- [Available data]:
########

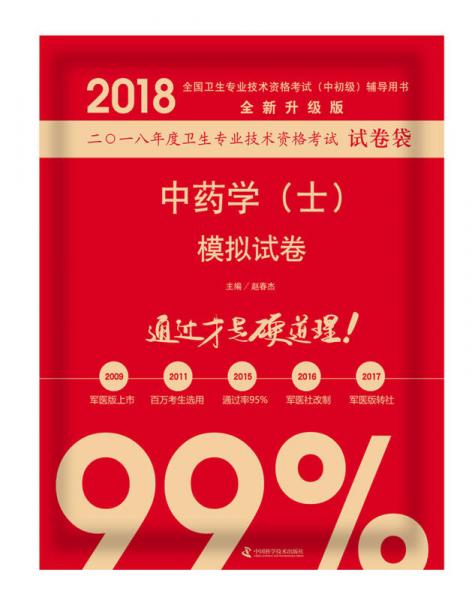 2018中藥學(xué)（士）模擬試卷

########

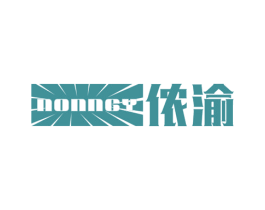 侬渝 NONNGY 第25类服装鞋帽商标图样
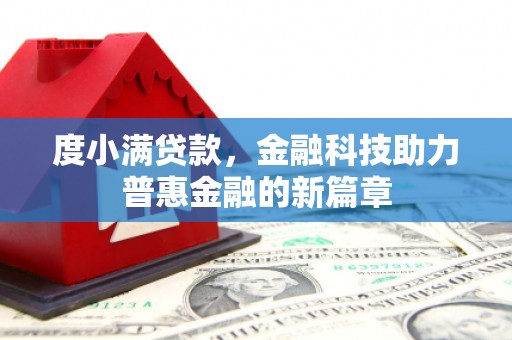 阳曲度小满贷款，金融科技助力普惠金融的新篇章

########

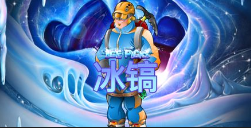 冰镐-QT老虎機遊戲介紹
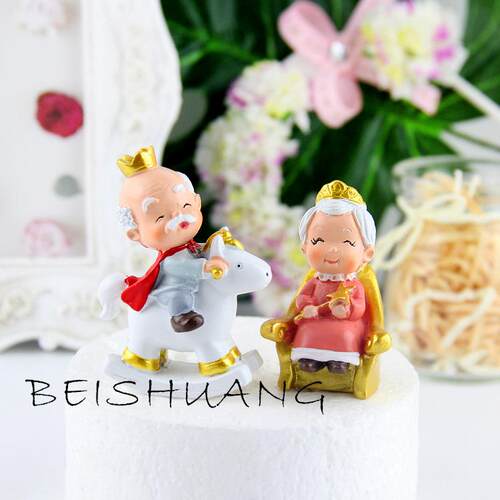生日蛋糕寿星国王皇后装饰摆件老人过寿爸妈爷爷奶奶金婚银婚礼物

########

- [Exercise]:
Print, exactly, each line above from the one with "侬渝 NONNGY 第25类服装鞋帽商标图样" to the one with "阳曲度小满贷款，金融科技助力普惠金融的新篇章", end lines included. Leave pictures out of it.

- [Output of the exercise]:
 侬渝 NONNGY 第25类服装鞋帽商标图样
 阳曲度小满贷款，金融科技助力普惠金融的新篇章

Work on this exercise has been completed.